Trair e conspirar

Por Celso Vicenzi.

O vice-presidente Michel Temer, que de repente abandona toda a fleugma e diplomacia que o caracterizou para se transformar num conspirador e incendiário, paradoxalmente, contribui para aumentar o sentimento de ilegitimidade do impeachment da presidenta Dilma. Se já não bastasse um presidente que se mantém ativo na presidência da Câmara apesar de acusado por uma série de crimes, boa parte deles documentados com carimbo suíço, agora Temer expõe ao país a sua face mais grotesca e torpe: a de um traidor. Não há atenuantes para quem ocupa o cargo de vice-presidente e, longe de defender o governo em hora difícil, conspira para derrubá-lo. E se apresenta como seu principal beneficiário.

O Brasil, por várias razões, costuma ser leniente com a corrupção. O povo sabe, intuitivamente, que não somos tão rígidos com o cumprimento das leis. Que, por nossa  formação cultural, muitas vezes somos coniventes com pequenos atos de exceção, com compadrios, com vantagens nem sempre advindas de méritos. O povo aprendeu no dia a dia que uma lei não é igual para todos, que para alguns, mais próximos do poder e da fortuna, há sempre um jeitinho. Mesmo com o Mensalão e agora com a Lava-Jato, percebe que a justiça tem sido muito seletiva ao apontar envolvidos com a corrupção. Enxerga uns e não vê outros.

Maluf e vários políticos com biografias não muito recomendáveis, estão aí para provar que os brasileiros não são assim tão rigorosos com quem já foi condenado ou é acusado de corrupção. Mas a lei vigente nas cadeias, lotada de pessoas das camadas mais pobres, é implacável em relação a uma regra: não se perdoa traição. E o povo mais pobre assimila esse código que não está escrito em nenhum lugar, mas habita o imaginário de todos.

Michel Temer e o PMDB, sobretudo, parecem desconhecer o risco que correm nesse momento da história. O partido, hábil por sempre transitar nas sombras do poder, pode ter que se despir diante dos holofotes da opinião pública da pior forma possível: como um partido conspirador, que apesar de ocupar vários cargos de poder, ainda assim morde a mão que o alimenta. Uma mancha que não se apagará com facilidade e que pode mudar a forma condescendente com que a sociedade sempre viu o PMDB. Mais grave ainda, por se tratar da traição de um homem contra uma mulher.
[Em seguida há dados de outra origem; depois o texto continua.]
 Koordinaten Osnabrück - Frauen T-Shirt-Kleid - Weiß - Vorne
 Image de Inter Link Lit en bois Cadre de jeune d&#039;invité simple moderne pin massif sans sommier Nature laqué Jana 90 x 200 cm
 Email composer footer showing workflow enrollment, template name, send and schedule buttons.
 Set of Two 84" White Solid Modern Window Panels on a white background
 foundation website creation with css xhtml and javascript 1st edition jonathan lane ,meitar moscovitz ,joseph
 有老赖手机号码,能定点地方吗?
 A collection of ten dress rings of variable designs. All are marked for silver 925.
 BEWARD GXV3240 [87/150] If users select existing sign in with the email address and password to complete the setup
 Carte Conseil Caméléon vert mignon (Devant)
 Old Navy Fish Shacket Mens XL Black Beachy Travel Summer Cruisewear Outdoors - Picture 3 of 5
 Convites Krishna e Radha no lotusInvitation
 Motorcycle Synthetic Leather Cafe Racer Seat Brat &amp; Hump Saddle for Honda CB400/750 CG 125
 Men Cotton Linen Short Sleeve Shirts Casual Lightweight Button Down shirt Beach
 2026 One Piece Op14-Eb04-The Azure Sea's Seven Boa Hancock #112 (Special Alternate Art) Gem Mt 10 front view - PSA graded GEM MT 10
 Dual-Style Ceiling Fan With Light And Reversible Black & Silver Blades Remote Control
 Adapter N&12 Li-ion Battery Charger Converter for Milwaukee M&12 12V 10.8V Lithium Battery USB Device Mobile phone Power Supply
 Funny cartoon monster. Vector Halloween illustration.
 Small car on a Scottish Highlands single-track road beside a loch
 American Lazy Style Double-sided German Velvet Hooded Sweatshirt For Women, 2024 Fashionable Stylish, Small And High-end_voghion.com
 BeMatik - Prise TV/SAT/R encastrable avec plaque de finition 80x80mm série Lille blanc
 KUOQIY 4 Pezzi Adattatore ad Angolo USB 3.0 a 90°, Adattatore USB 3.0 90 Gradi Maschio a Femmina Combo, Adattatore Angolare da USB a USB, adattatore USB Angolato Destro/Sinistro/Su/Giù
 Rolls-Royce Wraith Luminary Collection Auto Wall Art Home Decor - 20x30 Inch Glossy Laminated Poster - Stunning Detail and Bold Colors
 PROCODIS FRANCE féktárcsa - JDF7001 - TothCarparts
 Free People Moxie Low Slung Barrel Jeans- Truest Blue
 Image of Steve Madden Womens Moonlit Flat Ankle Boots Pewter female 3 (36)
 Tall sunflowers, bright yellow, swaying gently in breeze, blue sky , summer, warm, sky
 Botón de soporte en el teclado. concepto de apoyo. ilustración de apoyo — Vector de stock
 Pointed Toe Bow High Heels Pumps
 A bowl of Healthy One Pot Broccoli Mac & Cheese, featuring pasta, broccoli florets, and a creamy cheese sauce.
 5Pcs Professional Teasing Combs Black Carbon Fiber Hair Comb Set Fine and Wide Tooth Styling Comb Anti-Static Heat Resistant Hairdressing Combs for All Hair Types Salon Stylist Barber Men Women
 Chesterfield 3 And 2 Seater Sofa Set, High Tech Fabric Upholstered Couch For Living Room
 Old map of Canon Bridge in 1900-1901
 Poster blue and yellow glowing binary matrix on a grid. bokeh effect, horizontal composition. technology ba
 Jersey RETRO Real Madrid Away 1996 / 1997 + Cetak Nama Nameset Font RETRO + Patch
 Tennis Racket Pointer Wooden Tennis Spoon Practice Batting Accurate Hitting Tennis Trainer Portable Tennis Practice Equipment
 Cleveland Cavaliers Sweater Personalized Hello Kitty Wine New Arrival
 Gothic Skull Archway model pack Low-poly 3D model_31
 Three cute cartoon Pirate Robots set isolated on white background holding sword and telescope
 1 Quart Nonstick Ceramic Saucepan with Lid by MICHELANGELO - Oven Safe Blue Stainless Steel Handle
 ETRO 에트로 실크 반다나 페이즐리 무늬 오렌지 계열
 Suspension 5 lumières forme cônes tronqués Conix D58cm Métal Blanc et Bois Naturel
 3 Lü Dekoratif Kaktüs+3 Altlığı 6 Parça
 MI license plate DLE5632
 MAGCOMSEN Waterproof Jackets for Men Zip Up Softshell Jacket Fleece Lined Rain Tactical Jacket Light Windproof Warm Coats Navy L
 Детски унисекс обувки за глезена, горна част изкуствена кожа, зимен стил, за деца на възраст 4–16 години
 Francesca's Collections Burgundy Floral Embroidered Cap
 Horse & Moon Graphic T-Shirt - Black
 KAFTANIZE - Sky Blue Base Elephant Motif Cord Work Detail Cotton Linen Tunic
Parece ser outro fenômeno tipicamente brasileiro, a megalomania e a falta de discernimento de homens públicos a quem os cabelos brancos não serenaram eventuais frustrações, a despeito de toda a glória que puderam desfrutar. Hélio Bicudo, Aécio Neves, Fernando Henrique Cardoso, Michel Temer – entre tantos – confiam demais na mídia amiga e nas elites do país, esquecendo-se que o julgamento final será sempre do povo. E o povo aceita muitos defeitos, mas não perdoa quem coloca as suas ambições pessoais acima dos interesses da nação.

Zumbi dos Palmares, Tiradentes, Anita Garibaldi, Getúlio, Jango, Juscelino, Chico Mendes não obstante desfechos trágicos têm seus nomes gravados para sempre na memória do povo. “Saíram da vida para entrar na história”, parafraseando Getúlio. E pela porta da frente. Lula, mesmo que venha a ser condenado por uma justiça que também corre o risco de desmoralizar-se, contaminada pelo viés da política, parece que terá o mesmo destino.

No ato de promulgação da Constituição brasileira, em 1988, Ulysses Guimarães, de um PMDB que o país pode se orgulhar e que parece ter se perdido em algum lugar da história, disse, em discurso à nação, palavras que Michel Temer, atuais peemedebistas e outros políticos parecem ter esquecido: “A Constituição certamente não é perfeita. Ela própria o confessa, ao admitir a reforma. Quanto a ela, discordar, sim. Divergir, sim. Descumprir, jamais. Afrontá-la, nunca. Traidor da Constituição é traidor da Pátria”.

A golpistas está reservada a lata de lixo da história.